- WORK TO BE COMPLETED:
An exact transcription of every record is needed, leaving out the pictures.

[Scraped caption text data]
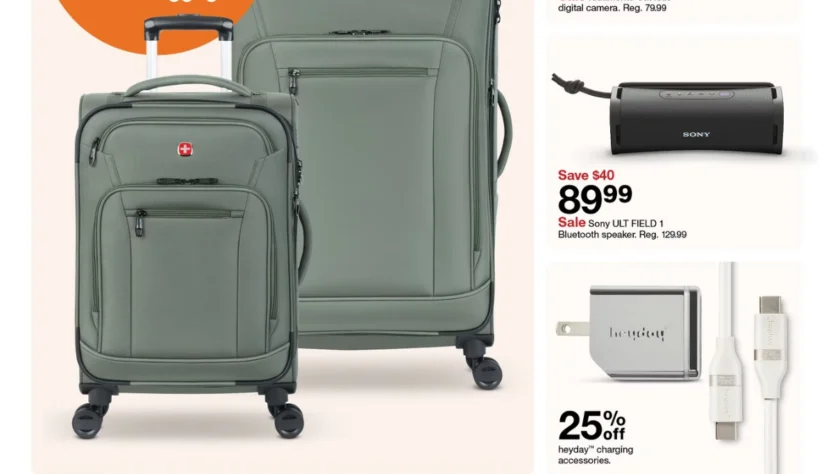 Weekend Getaway Essentials Spotted in the Target Flyer This Week: Luggage, Tech & Comfort Picks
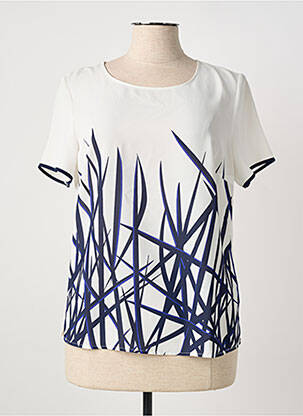 Blouse légère et transparente manches courtes bleu GUY DUBOUIS femme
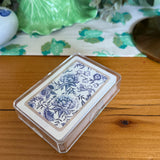 Illustrated Playing Cards with Tiger Motif and Needlepoint Accents, CHINOISERIE BLEU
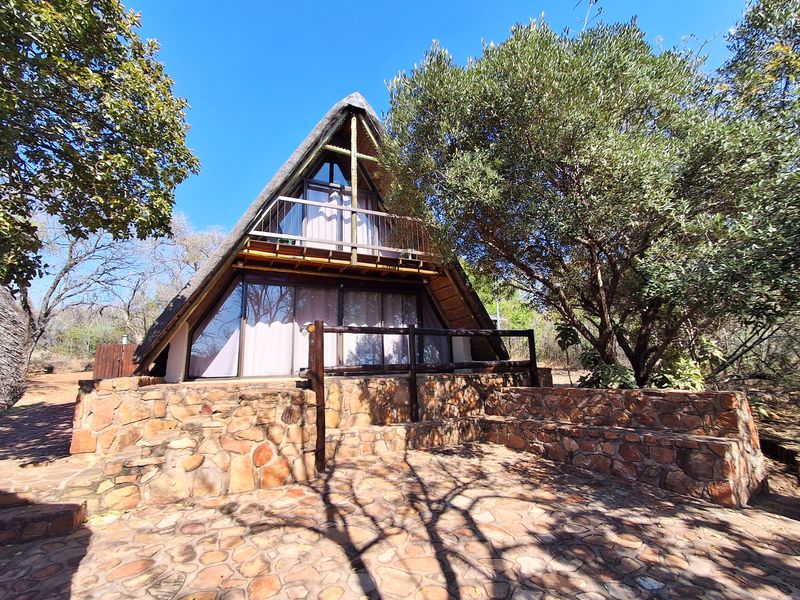 A charming A-frame house featuring a thatched roof, stone-clad exterior, and a private timber balcony overlooking a natural garden setting.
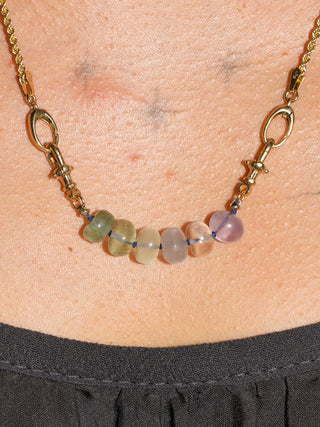 Peacock Fluorite Connector in Yellow 14k Gold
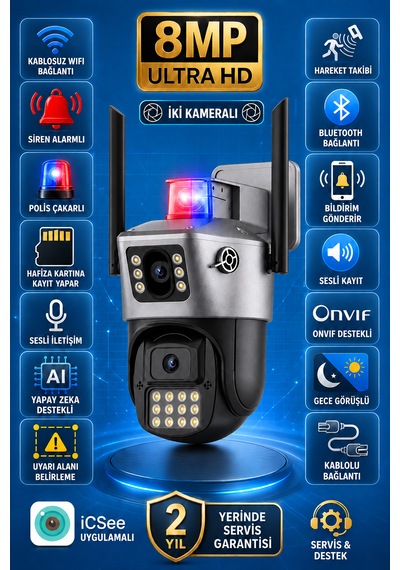 8mp Wifi 2 Kameralı Siren Alarmlı Uyarı Işıklı Gece Görüşlü Adaptörlü Güvenlik Kamerası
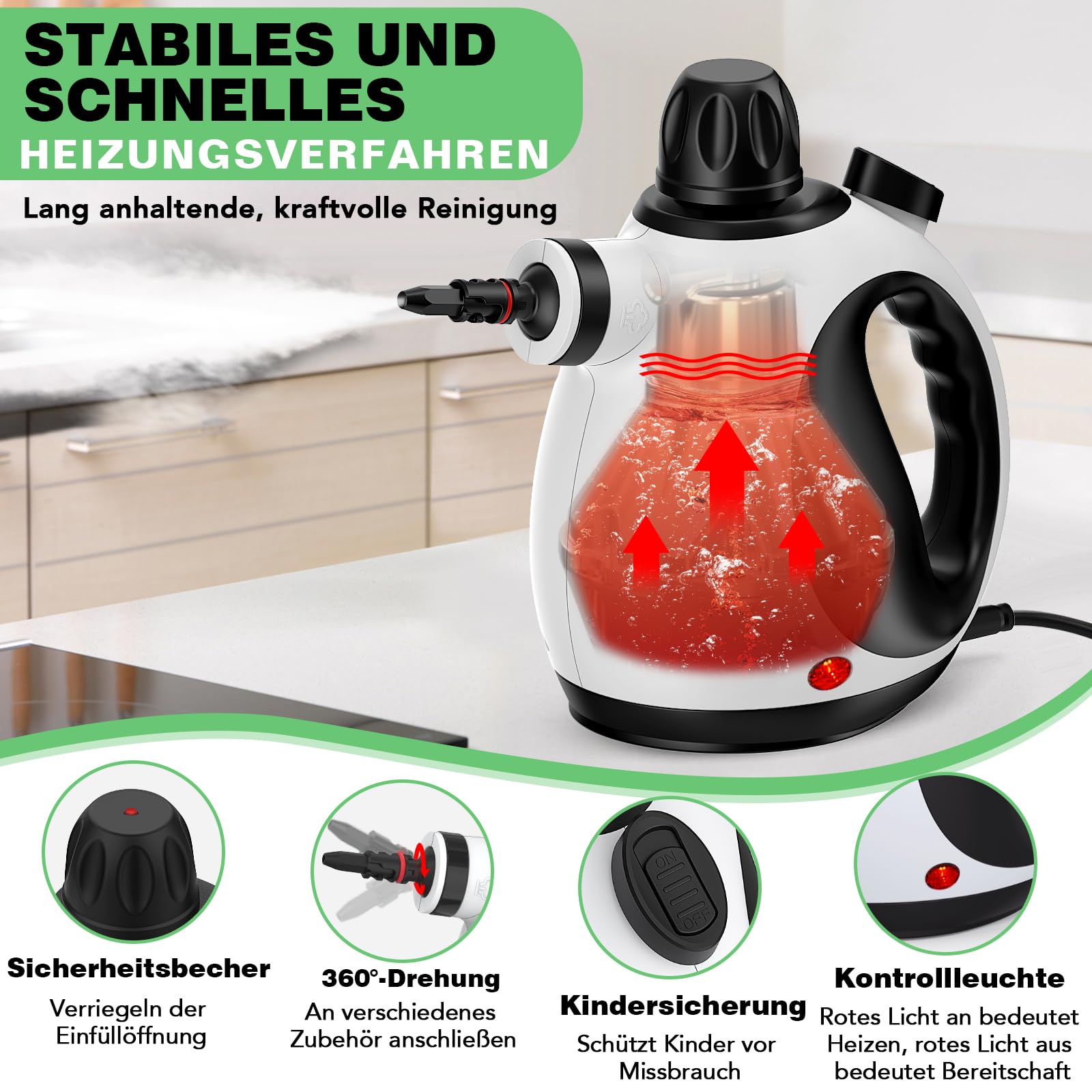 Limpiador de vapor portátil a presión con 10 accesorios, limpiador a vapor para tapicería, con bloqueo de seguridad, para casa, coche, accesorios
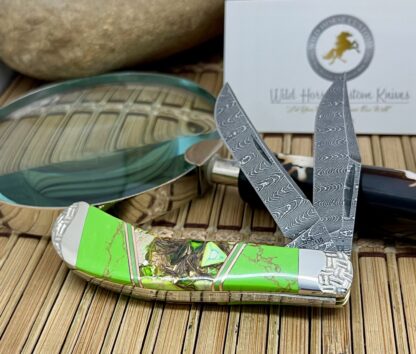 Case XX Wild Horse Custom 24KT Green Turquoise Damascus Saddlehorn Knife #1/1 - Image 3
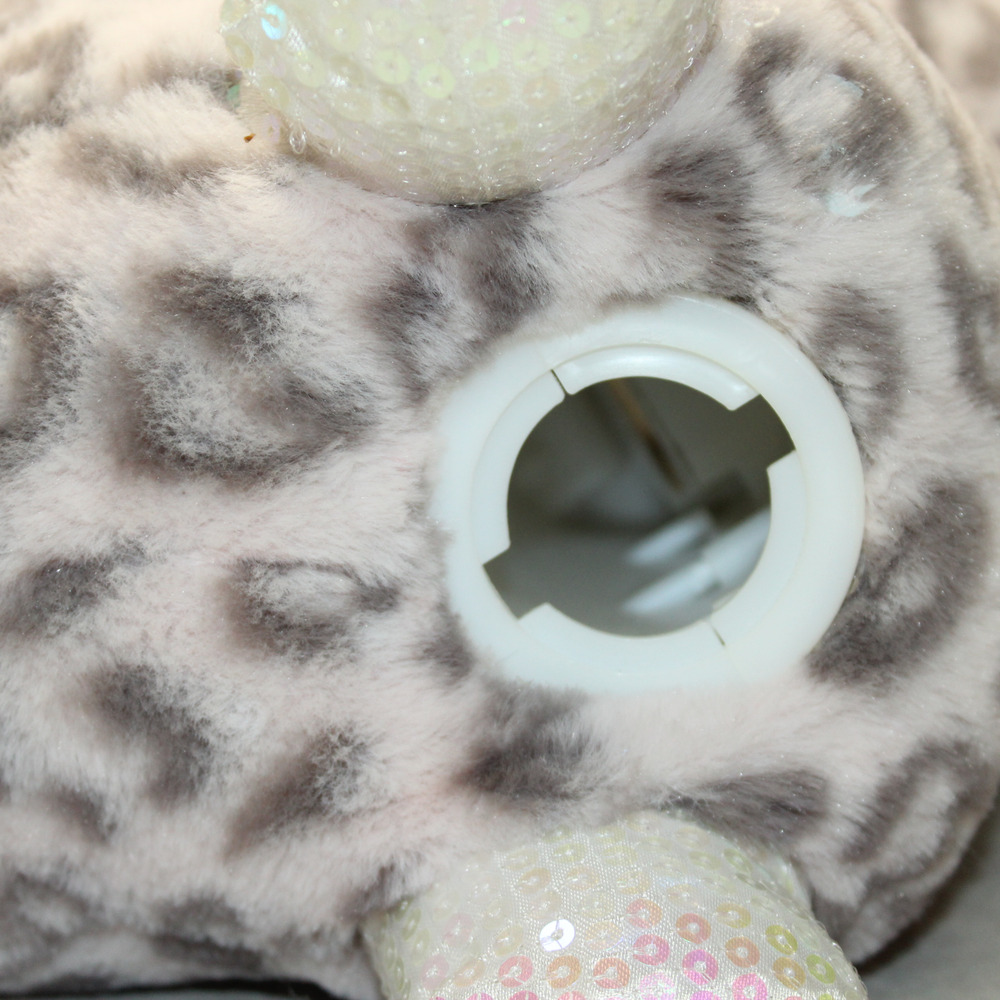 Grey White Cat Glitter Face Pink Sequins Plush Stuffed Animal - Picture 8 of 9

- SOLVED EXERCISE:
 Weekend Getaway Essentials Spotted in the Target Flyer This Week: Luggage, Tech & Comfort Picks
 Blouse légère et transparente manches courtes bleu GUY DUBOUIS femme
 Illustrated Playing Cards with Tiger Motif and Needlepoint Accents, CHINOISERIE BLEU
 A charming A-frame house featuring a thatched roof, stone-clad exterior, and a private timber balcony overlooking a natural garden setting.
 Peacock Fluorite Connector in Yellow 14k Gold
 8mp Wifi 2 Kameralı Siren Alarmlı Uyarı Işıklı Gece Görüşlü Adaptörlü Güvenlik Kamerası
 Limpiador de vapor portátil a presión con 10 accesorios, limpiador a vapor para tapicería, con bloqueo de seguridad, para casa, coche, accesorios
 Case XX Wild Horse Custom 24KT Green Turquoise Damascus Saddlehorn Knife #1/1 - Image 3
 Grey White Cat Glitter Face Pink Sequins Plush Stuffed Animal - Picture 8 of 9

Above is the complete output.